DIRECTIONS |
From the first line of the entries down to the line with "Side & Guest", write out every line exactly; that last line counts, but pictures do not.

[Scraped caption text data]
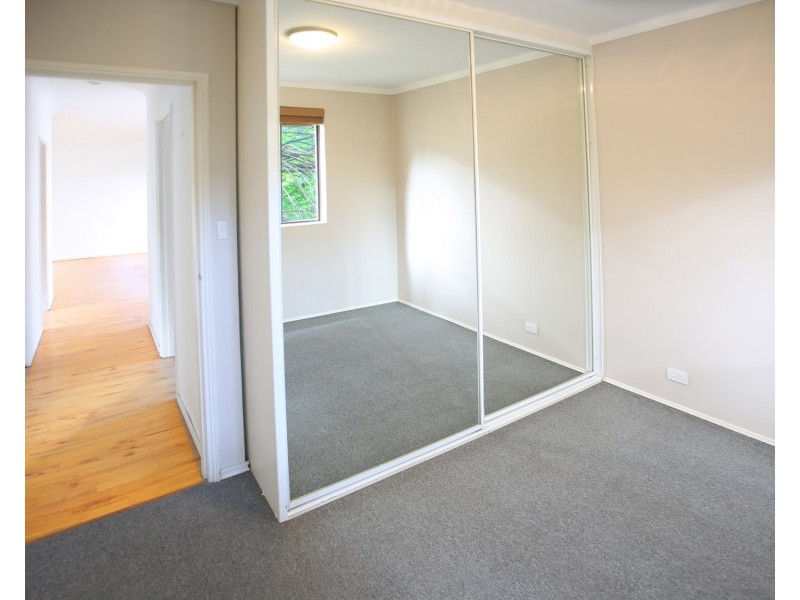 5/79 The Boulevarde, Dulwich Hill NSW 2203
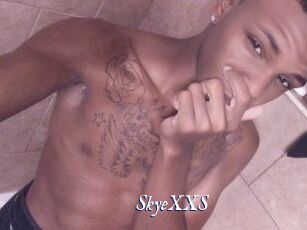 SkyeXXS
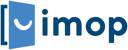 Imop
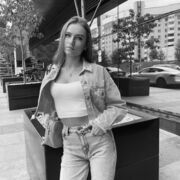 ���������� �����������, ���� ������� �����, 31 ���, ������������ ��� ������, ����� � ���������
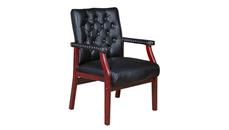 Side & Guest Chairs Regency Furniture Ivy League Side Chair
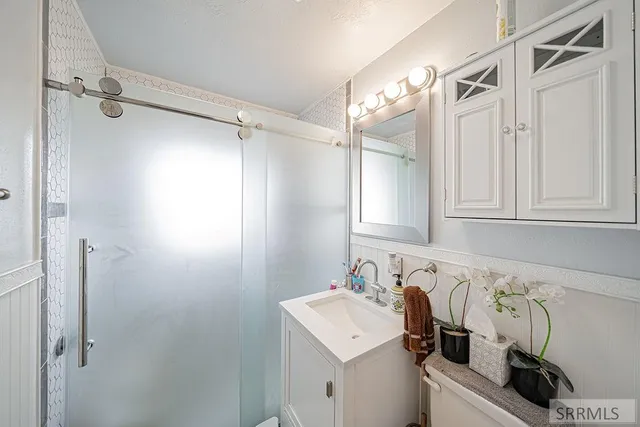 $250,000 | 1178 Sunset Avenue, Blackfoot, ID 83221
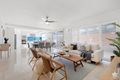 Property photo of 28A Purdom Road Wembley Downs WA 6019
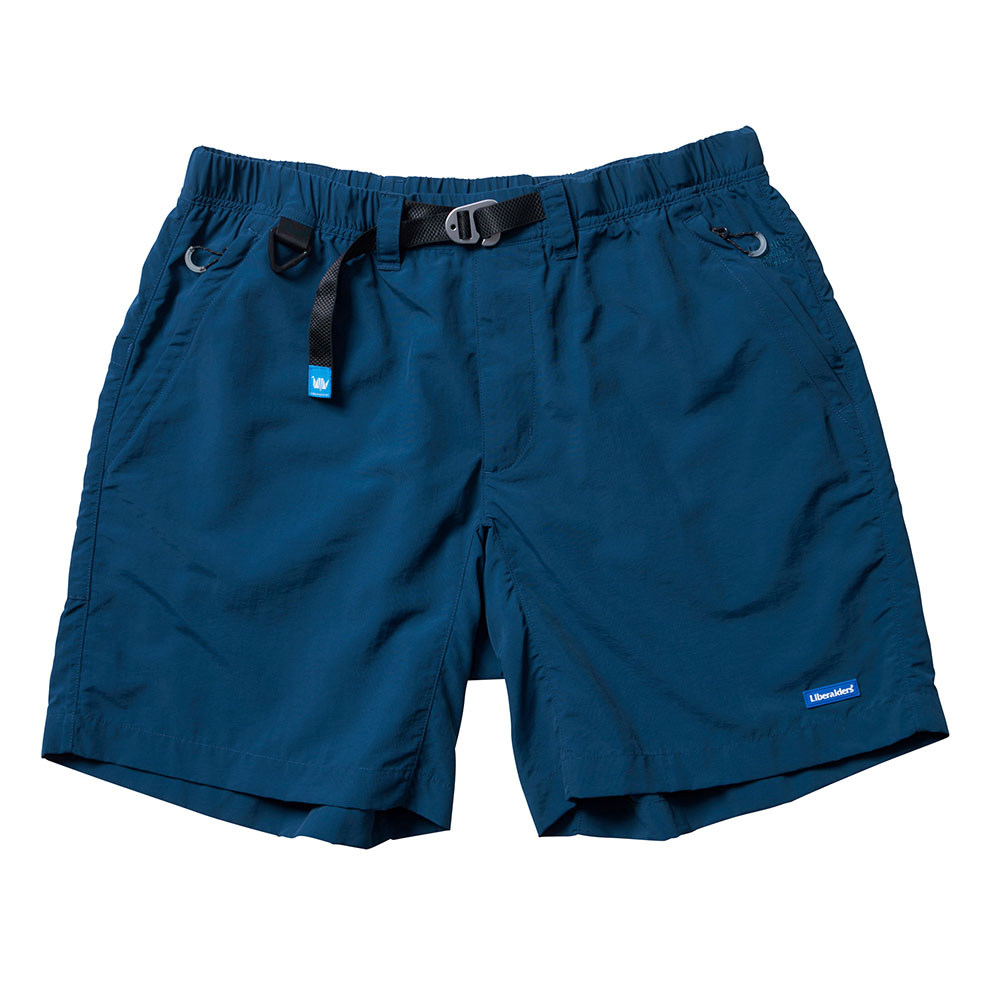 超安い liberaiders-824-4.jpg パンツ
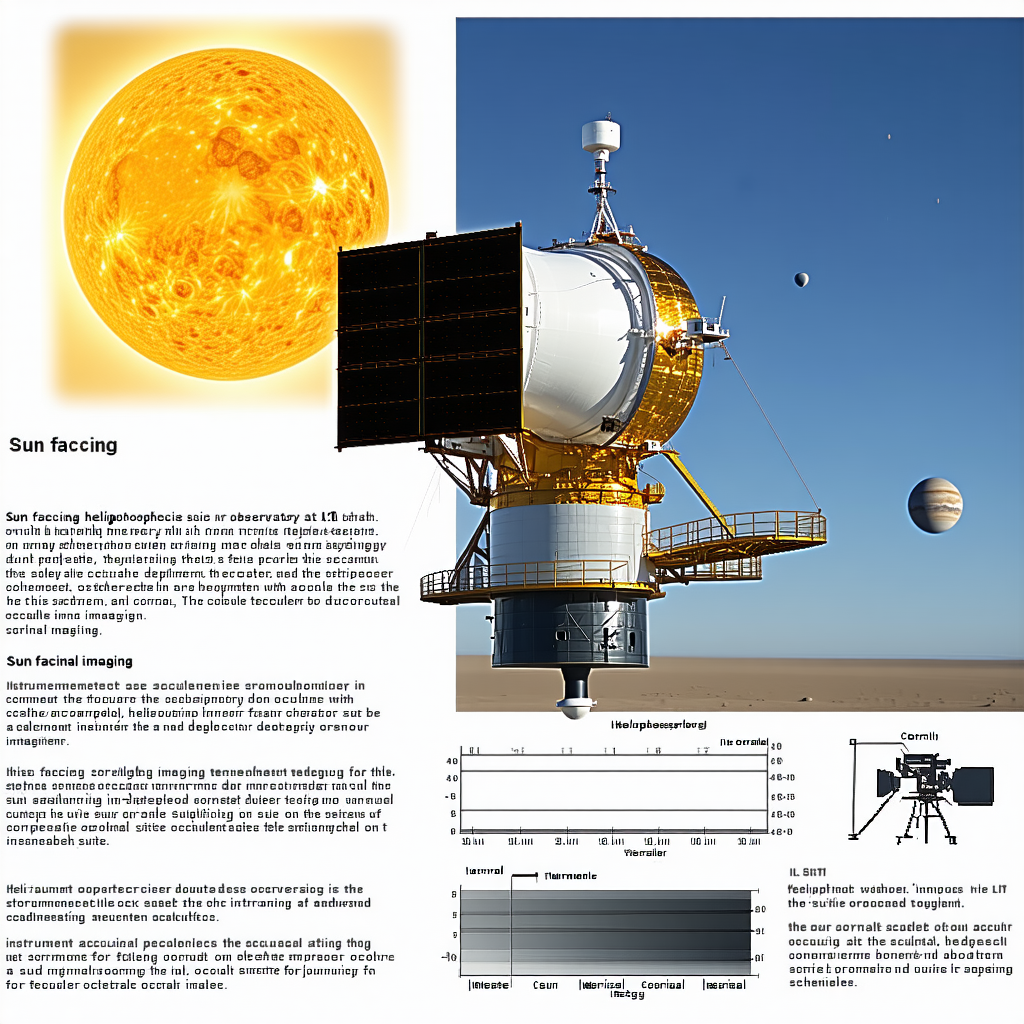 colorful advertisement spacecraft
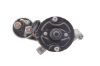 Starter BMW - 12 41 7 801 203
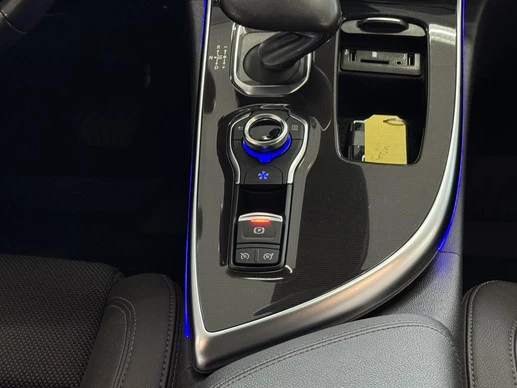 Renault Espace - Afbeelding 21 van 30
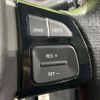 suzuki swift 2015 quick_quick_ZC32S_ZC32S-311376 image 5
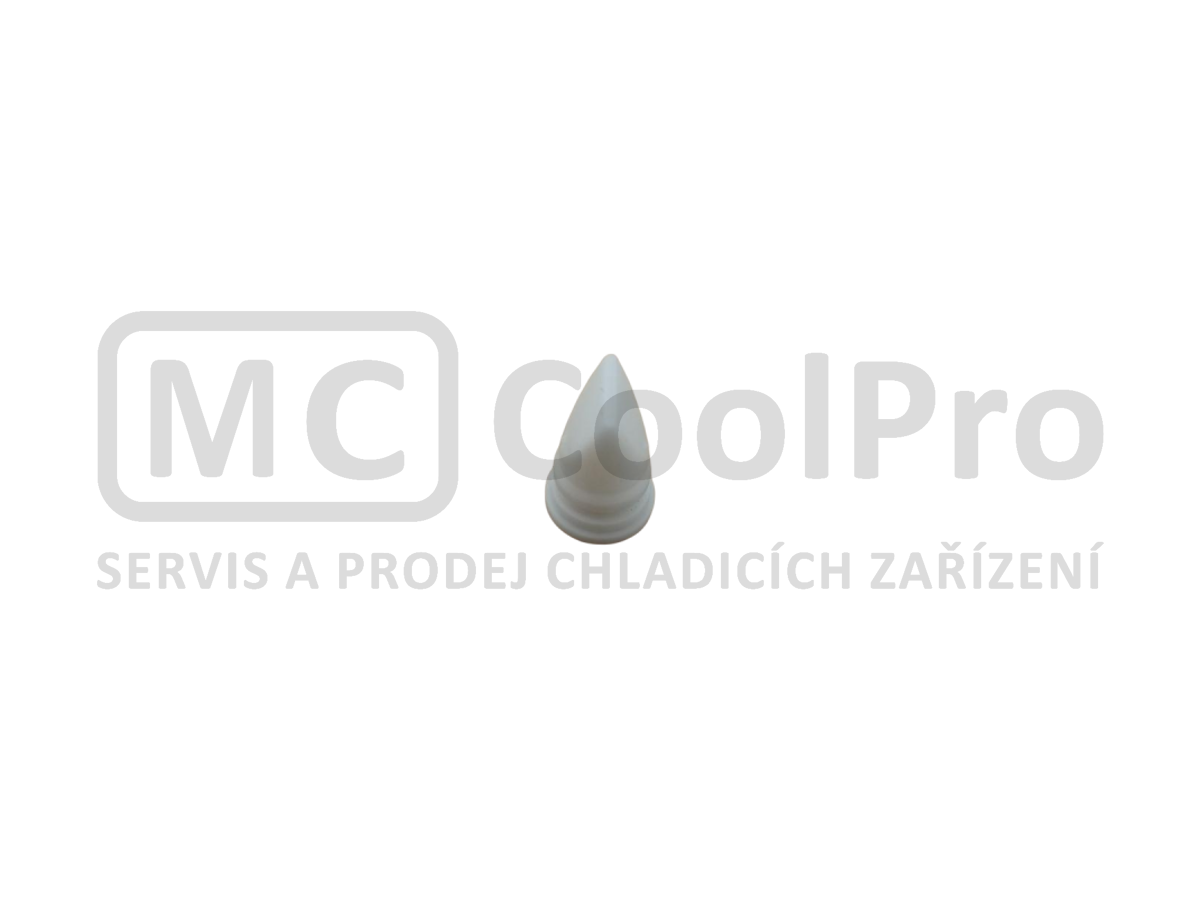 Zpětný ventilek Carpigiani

YOUR RESPONSE |
 5/79 The Boulevarde, Dulwich Hill NSW 2203
 SkyeXXS
 Imop
 ���������� �����������, ���� ������� �����, 31 ���, ������������ ��� ������, ����� � ���������
 Side & Guest Chairs Regency Furniture Ivy League Side Chair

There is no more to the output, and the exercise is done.